Any regular file that uses one of the previously mentioned extended file attributes may have a list of extended file attributes. The attributes have a name and some associated data (the actual attribute). The name starts with what is called a namespace identifier (more on that later), followed by a dot “.”, and then followed by a null-terminated string. You can add as many names separated by dots as you like to create “classes” of attributes.

Currently on Linux there are four namespaces for extended file attributes:

user
trusted
security
system

This article will focus on the “user” namespace since it has no restrictions with regard to naming or contents. However, the “system” namespace could be used for adding metadata controlled by root.

The system namespace is used primarily by the kernel for access control lists (ACLs) and can only be set by root. For example, it will use names such as “system.posix_acl_access” and “system.posix_acl_default” for extended file attributes. The general wisdom is that unless you are using ACLs to store additional metadata, which you can do, you should not use the system namespace. However, I believe that the system namespace is a place for metadata controlled by root or metadata that is immutable with respect to the users.

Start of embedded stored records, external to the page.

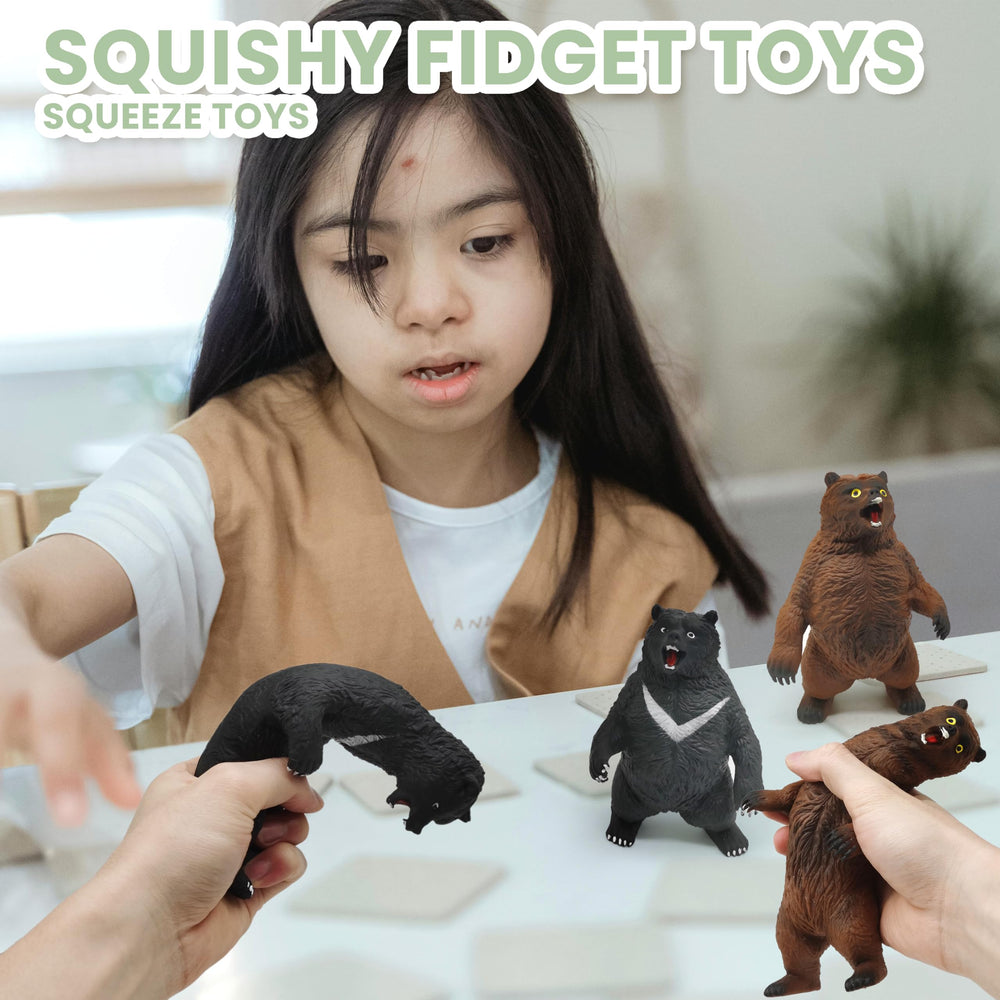 ZTATU stress relief toy makes a great stocking stuffer.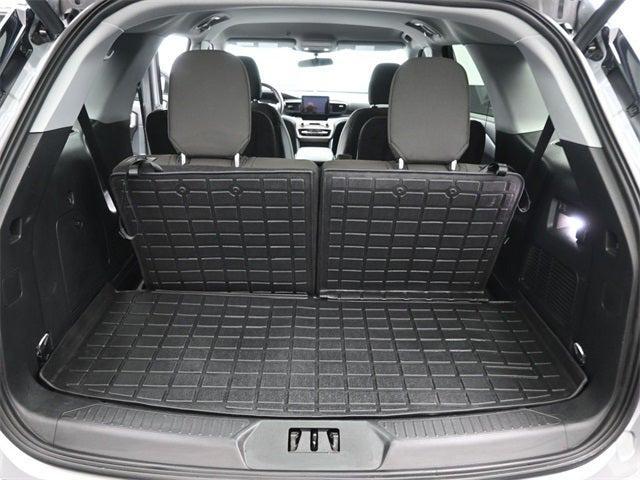 used 2023 Ford Explorer car, priced at $27,997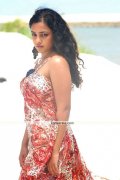 Nithya Menon Beach Photos 2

The security namespace is used by SELinux. An example of a name in this namespace would be something such as “security.selinux”.

The user attributes are meant to be used by the user and any application run by the user. The user namespace attributes are protected by the normal Unix user permission settings on the file. If you have write permission on the file then you can set an extended attribute. To give you an idea of what you can do for “names” for the extended file attributes for this namespace, here are some examples:

user.checksum.md5
user.checksum.sha1
user.checksum.sha256
user.original_author
user.application
user.project
user.comment

The first three example names are used for storing checksums about the file using three different checksum methods. The fourth example lists the originating author which can be useful in case multiple people have write access to the file or the original author leaves and the file is assigned to another user. The fifth name example can list the application that was used to generate the data such as output from an application. The sixth example lists the project that the data with which the data is associated. And the seventh example is the all-purpose general comment. From these few examples, you see that you can create some very useful metadata.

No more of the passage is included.